Beauty standards are a battleground for racial equality

Those unaffected by racism might like to tell themselves that it is swiftly becoming a thing of the past, but they would of course be wrong. It’s often much easier to give ourselves a pat on the back for all the progress we’ve made: the ‘separate but equal’ mentality of post-civil war America seems over, in a world where discriminatory practices are illegal.

However, racism prevails in our society in much subtler ways that have a huge impact on western ideas of beauty. Beauty standards are a much contested issue, especially in the fashion industry, and we need look no further than to many major fashion brands to see the lack of non-white faces in our media. This is as least in part due to what actress Lupita Nyong’o has described as the pervasiveness of a ‘Eurocentric’ ideal of beauty.

Eurocentrism is part of a dangerous mindset that asserts there is an objective standard of beauty – whether that standard is a beach body, a contoured face or white skin – rather than seeing it as a subjective, diverse and highly varied collection of aesthetics.

Nyong’o spoke up recently after a photographer edited out her natural hair and lightened her skin in a photoshoot for Grazia. The final image, featured on the cover of the magazine, presents an image of Nyong’o more fitting to the Eurocentric ideal than her actual Kenyan-Mexican heritage. It is unacceptable to so starkly edit any woman’s appearance in a photo without her consent, but in this case the photographer, consciously or not, removed a part of Nyong’o’s appearance that is characteristic of black people: the ‘kinky’ hair that has been the subject of many a slur during the struggle for racial equality.

Even more shocking is the fact that Nyong’o isn’t the first woman in the past few weeks to have to remind the media ‘don’t touch my hair’, as the struggle has come to be known. Musician and artist Solange also spoke out when her Orion braids – which have significant meaning to her personal story as well as national heritage – were edited out of the cover of The Evening Standard.

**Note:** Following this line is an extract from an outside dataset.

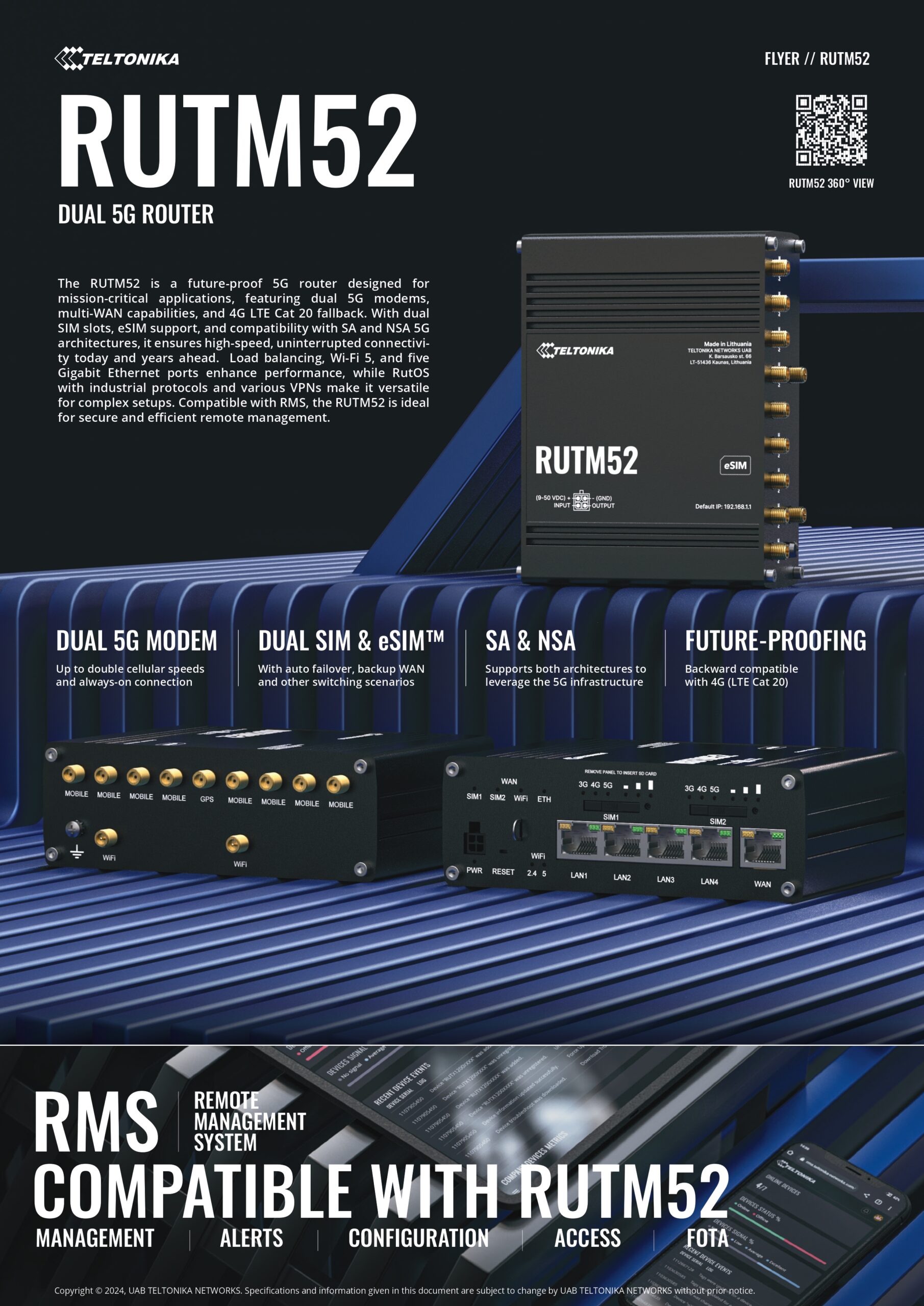 Teltonika | Teltonika RUTM52 Dual 5G Router, 5G dual SIM/ESIM cellular, 5 Gigabit Ethernet ports, Backward compatible with 4G(LTE Cat 20) | RUTM52100400 - Image 1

This is clearly another case of how photos are frequently edited to fit a certain type of beauty that is subconsciously thought of as the universal ideal to non-minority consumers.

Not only does this editing de-legitimise the importance of marginalised black national heritage, but it also teaches readers that this standard of beauty is what we should aspire to, no matter the insult it presents.

This, in turn, influences how we use social media to represent ourselves, and to what extent we show off or hide those parts of ourselves that stray from what is deemed ‘beautiful’. A tragic reduction of diversity in the media is the result, with people being encouraged to suppress their heritage and natural beauty.

We’ve still got a long way to go when it comes to tackling the racism embedded in our society. Women like Nyong’o and Solange are challenging the beauty standards in our society by speaking out against these forms of racism. We can do the same by looking for it even as we scroll through those Black Friday deals or pick up a copy of a magazine, and calling it out wherever we see it.